Task to complete
Write out exactly the lines below from the one containing "felinlova Get Well" to the last, both ends kept, and nothing more; skip all pictures.

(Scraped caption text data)
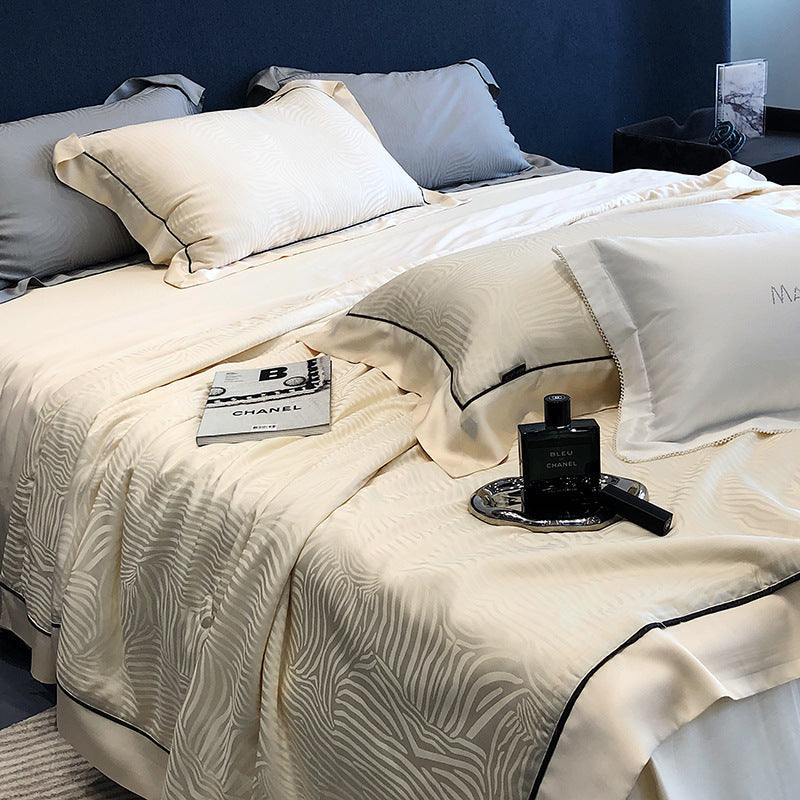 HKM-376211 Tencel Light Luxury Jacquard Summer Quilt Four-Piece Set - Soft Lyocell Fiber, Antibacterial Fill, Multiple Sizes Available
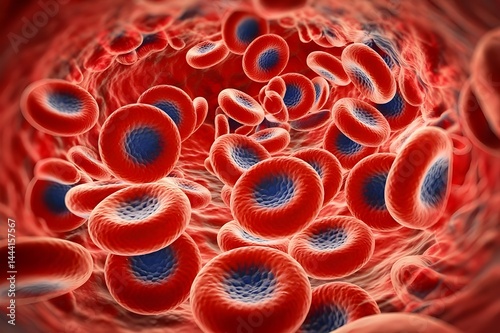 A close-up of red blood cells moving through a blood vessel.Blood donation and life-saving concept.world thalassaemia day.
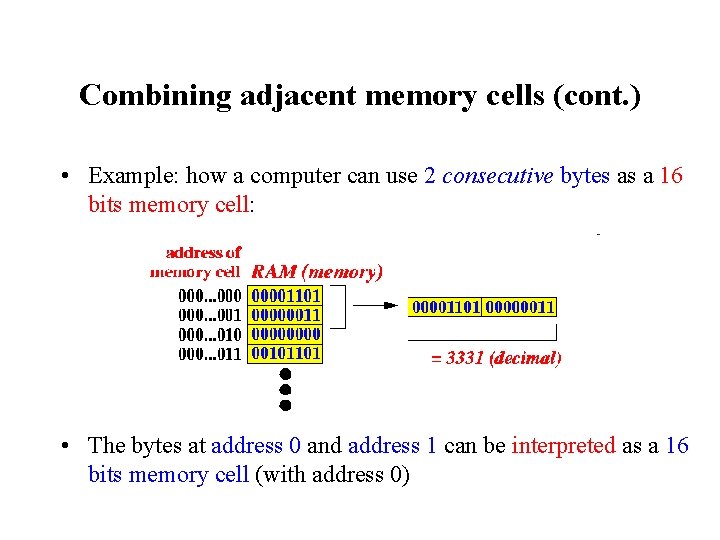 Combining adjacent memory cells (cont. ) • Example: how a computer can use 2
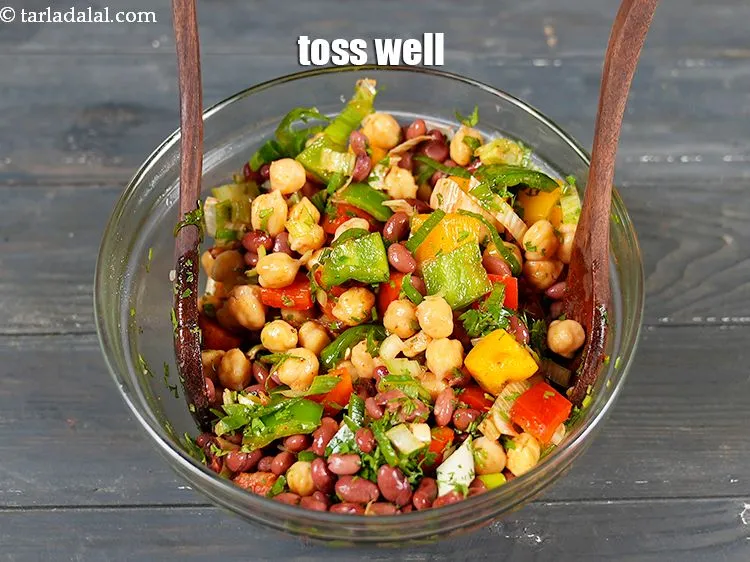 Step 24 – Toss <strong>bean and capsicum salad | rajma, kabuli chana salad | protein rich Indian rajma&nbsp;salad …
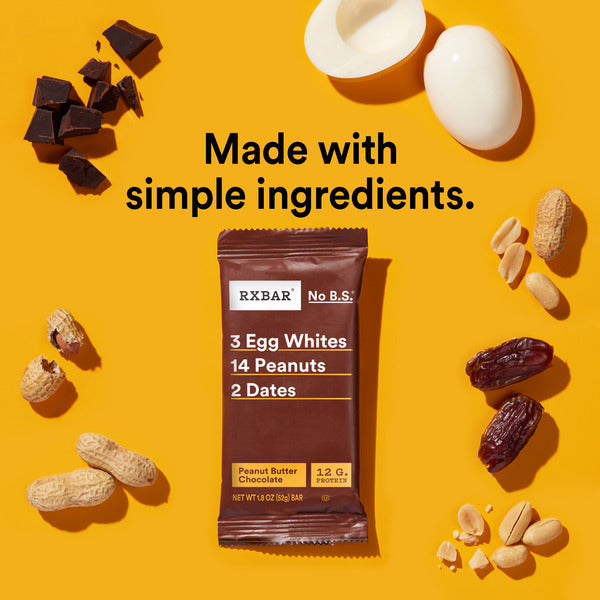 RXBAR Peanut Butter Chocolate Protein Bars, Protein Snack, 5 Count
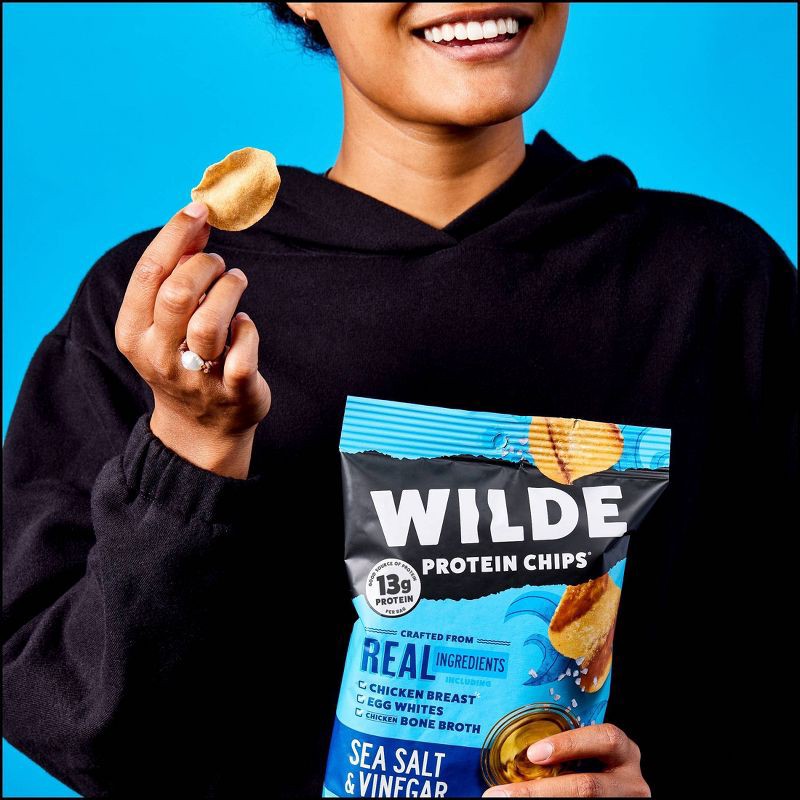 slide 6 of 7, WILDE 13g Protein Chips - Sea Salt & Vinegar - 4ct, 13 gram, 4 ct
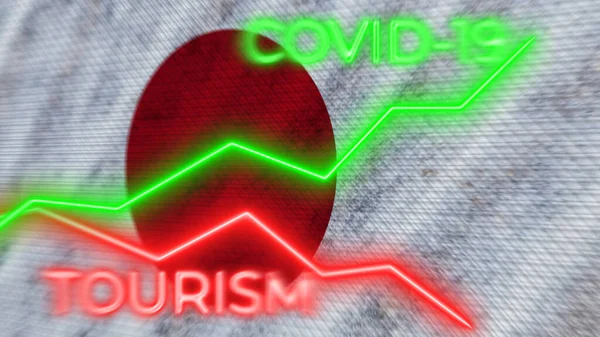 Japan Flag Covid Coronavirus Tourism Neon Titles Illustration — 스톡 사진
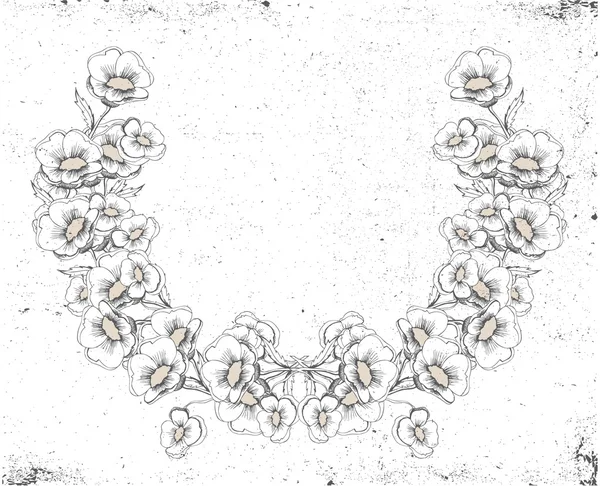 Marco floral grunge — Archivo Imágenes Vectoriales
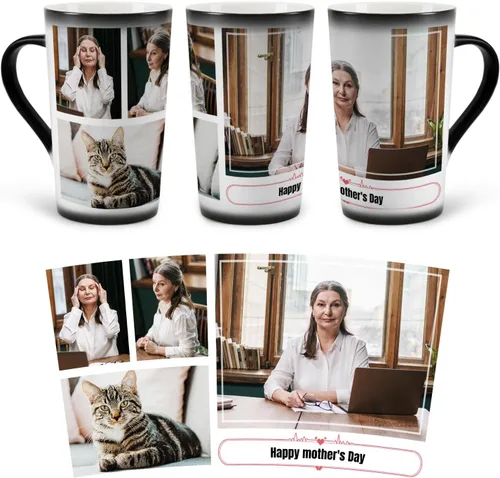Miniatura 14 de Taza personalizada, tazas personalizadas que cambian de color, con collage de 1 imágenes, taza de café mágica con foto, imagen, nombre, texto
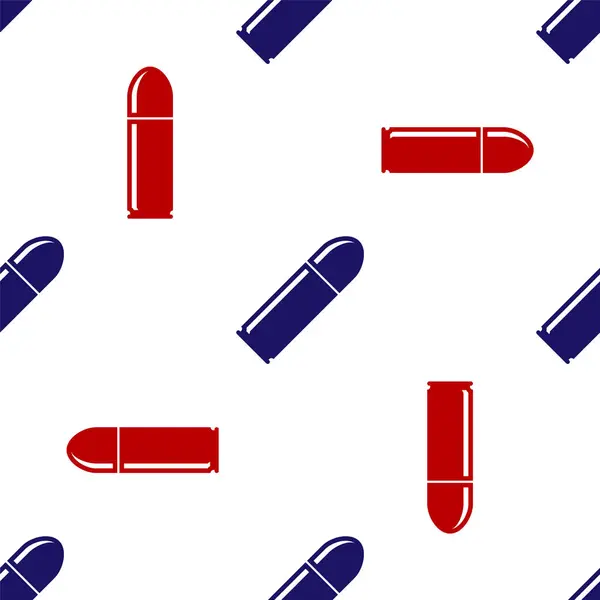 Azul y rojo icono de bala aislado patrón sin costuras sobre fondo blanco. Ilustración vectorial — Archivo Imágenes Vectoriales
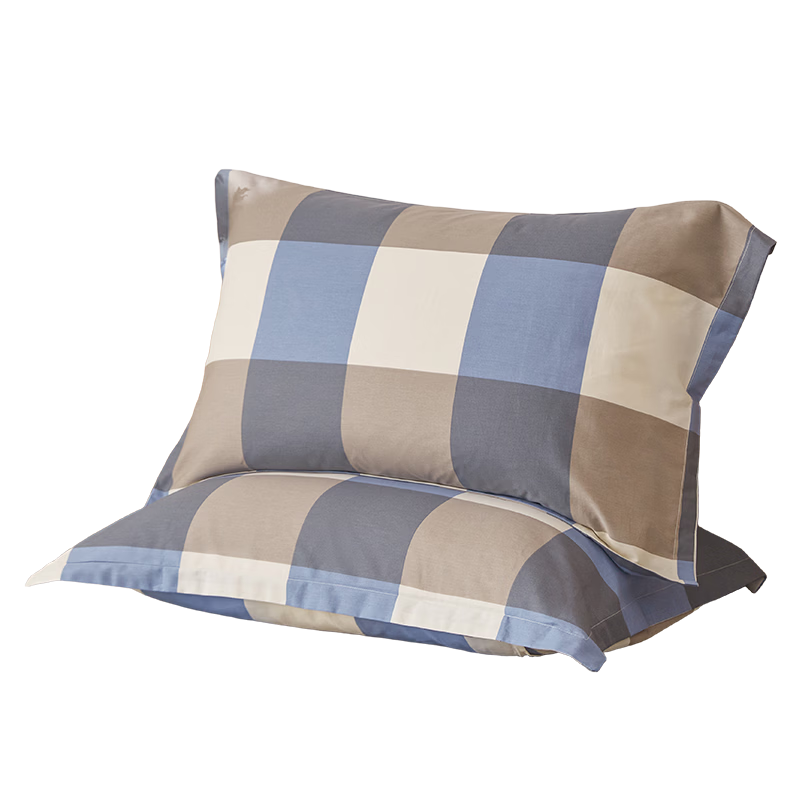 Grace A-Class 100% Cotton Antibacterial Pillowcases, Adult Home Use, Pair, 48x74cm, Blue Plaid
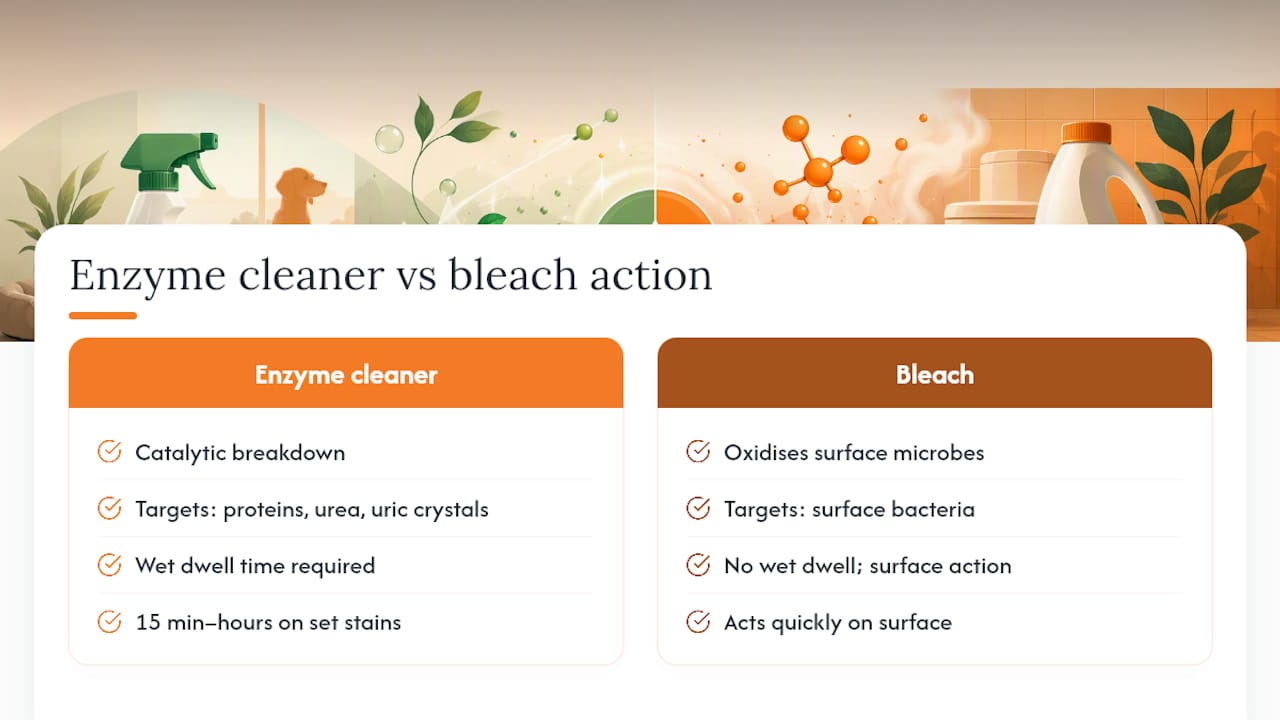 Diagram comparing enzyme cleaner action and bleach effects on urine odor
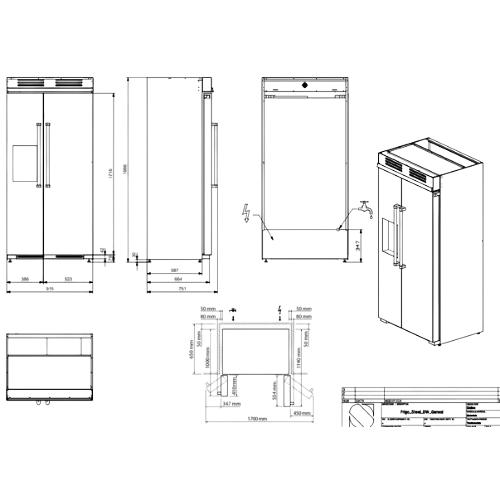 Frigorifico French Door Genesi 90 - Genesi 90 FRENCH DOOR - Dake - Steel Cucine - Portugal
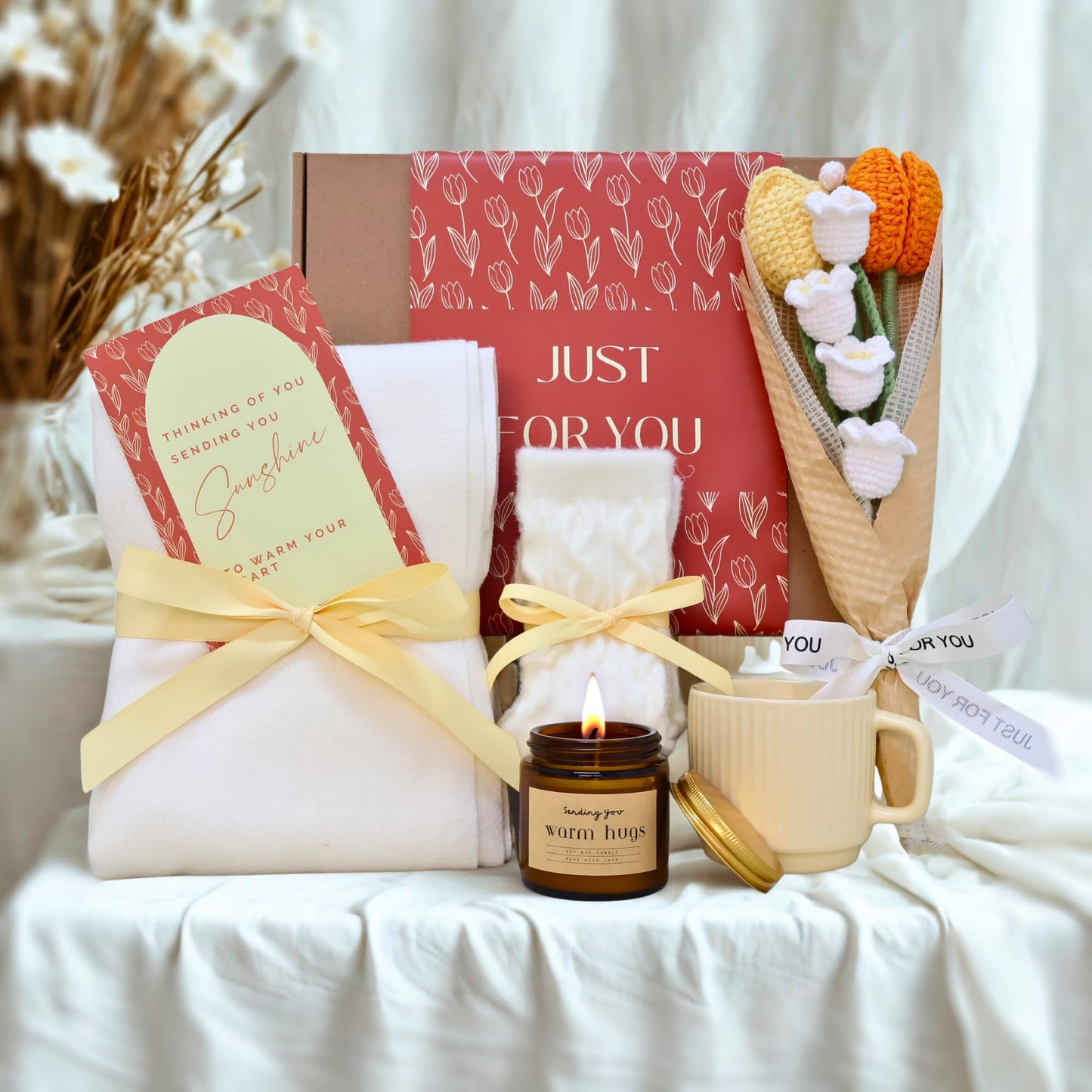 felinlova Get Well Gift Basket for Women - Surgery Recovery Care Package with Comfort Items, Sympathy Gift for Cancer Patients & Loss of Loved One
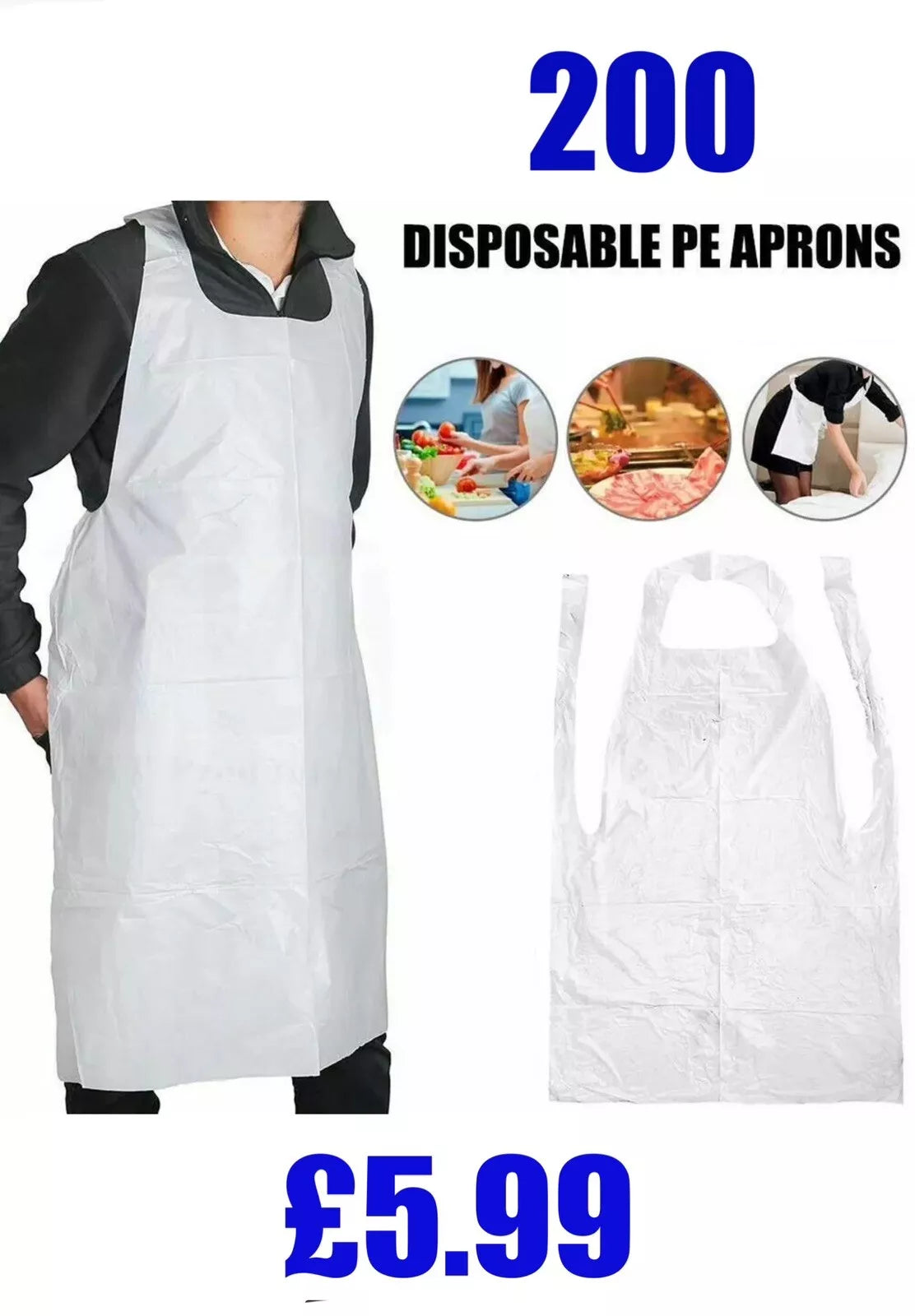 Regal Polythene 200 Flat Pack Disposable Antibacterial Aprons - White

Reply to the task
 felinlova Get Well Gift Basket for Women - Surgery Recovery Care Package with Comfort Items, Sympathy Gift for Cancer Patients & Loss of Loved One
 Regal Polythene 200 Flat Pack Disposable Antibacterial Aprons - White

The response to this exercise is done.